Better late than never, right? That's what DeAndre Smelter is telling himself.
The receiver's first two NFL seasons are best summarized as an arduous journey with more downs than ups. An ACL tear ended Smelter's promising senior season at Georgia Tech in 2014. An eight-touchdown campaign became marred by the rehab that consumed his entire pre-draft process. Even so, the San Francisco 49ers rolled the dice and used a fourth-round pick on the 6-foot-2 wideout.

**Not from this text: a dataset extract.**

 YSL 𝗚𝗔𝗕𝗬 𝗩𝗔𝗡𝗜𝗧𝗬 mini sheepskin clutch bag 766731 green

He spent his rookie season rehabbing his knee. That much was expected. But fans eagerly awaited the debut of the 49ers unknown skill player, and excitement surrounding Smelter continued to build entering the 2016 season. San Francisco was thin at wide receiver and Smelter had more size than any of his peers. A hamstring injury derailed the hype, and the ailment lingered throughout last season. Smelter remained limited during the offseason program.
That's more than two years spent almost exclusively in a training room rather than honing his craft at practice.
"It's been a lot of work," Smelter admitted. "It hasn't been easy, but I've never been one to shy away from working hard."
That work has gotten Smelter to the light at the end of the tunnel. Finally healthy, we are getting to see what the 6-foot-2 wideout is capable of on a football field.
And so far, the results have been largely positive.
Smelter has used his size to make plays on downfield throws. He's handled his counterparts in 1-on-1 drills and shown the ability to make contested catches. (It does help when you have 11-inch hands.)
"I feel really good, but at the same time, my goal is to come out here and make a play every single day," Smelter said. "All of my training was to give me the opportunity to compete in camp. I feel like I've done a good job taking care of my body."
It's easy to forget that Smelter never played football until his junior year at Georgia Tech. The former baseball star is still learning the intricacies of his relatively new sport.
Even so, it's impossible to miss Smelter's natural athletic ability. Now it's time to add some polish.
"I think it's being comfortable with football in general – knowing where I'm at and getting the offense down," Smelter said. "The more I play, the more comfortable I get."
View the top images from the seventh practice of 2017 training camp presented by SAP.
Each day provides a new experience. Smelter couldn't answer where he thrives as a receiver, because quite frankly, he's still figuring that out. He's witnessing his game develop just as we are.
"I still feel like I'm trying to define it," Smelter said. "Every day is helping me understand what I can do best."
Kyle Shanahan raved about Smelter's work ethic. A slot receiver by trade, Smelter has made a point to learn all three positions in Shanahan's system. It has allowed him to get work all over the field and increase his total number of practice reps.
"He works at it as hard as anyone I've been around," Shanahan said. "It doesn't matter what position he's at, you know he's going to know how to do his job. He works at it, and he's been working at it since he got here."
There's no denying that Smelter's goal of making the 53-man roster remains an uphill climb. He's one of 13 receivers in San Francisco's locker room and nearly all of them have flashed during the first week of camp.
But there's no sense in worrying about that. Smelter knows he can only control his own play, and thus far, it's been pretty darn good.
"I'm getting positive feedback that's going to help me get better and possibly make this team," Smelter said.